Negative-Yielding Bonds Top $9 Trillion

Investors are increasingly accepting negative yields again as they adjust to a market environment rife with worry about global growth.

Last October, the world’s stock of negative-yielding debt had tumbled by more than half from its record high, as investors adjusted to the end of super-loose monetary policy. Now it’s soaring again after the dovish pivots around the world.

The Bloomberg Barclays Global Aggregate Negative-Yielding Debt Index has increased in value by well over $3 trillion since its low five months back, to $9.3 trillion Wednesday. That’s still below the all-time record of $12.2 trillion in June 2016.

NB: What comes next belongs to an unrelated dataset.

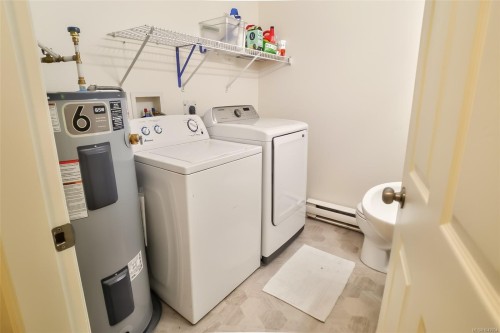 #B-330 Lone Cone Rd, Tofino, BC - Indoor Photo Showing Laundry Room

As warnings over the global growth outlook abound, bond yields have been in retreat. One risk-free benchmark—10-year Treasury yields—are close to their lowest in about a year. Japan’s equivalent is back in negative territory, while that on German Bunds is teetering on the brink—about 6 basis points above zero. Even in Australia, which hasn’t seen a recession since the 1990s, 10-year yields are now below 2 percent.

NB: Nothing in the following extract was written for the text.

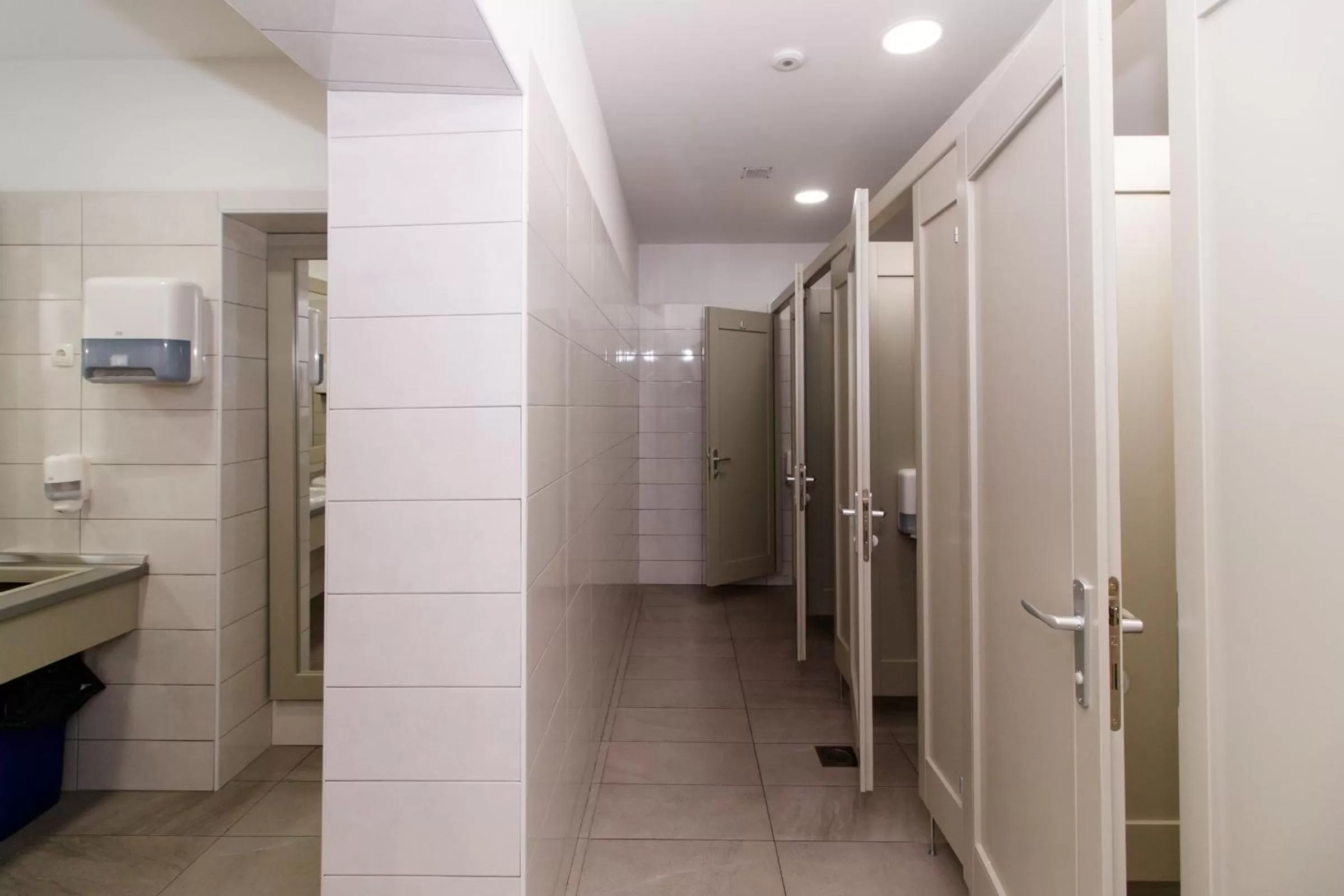 Restaurant/places to eat, Bathroom in Motel "Tri lovca"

“The bond market is correctly adjusting that growth is going to be slower in developed markets next year,” Andrew Sheets, chief cross-asset strategist at Morgan Stanley, told Bloomberg TV in London.

Central banks are adjusting, too. The Federal Reserve has put rate hikes on hold and signaled it may phase out the run-off of its bond portfolio by year-end. The European Central Bank has put off plans for its first rate increase since that region’s debt crisis. And the Reserve Bank of Australia has abandoned guidance that the next move is definitely a rate rise.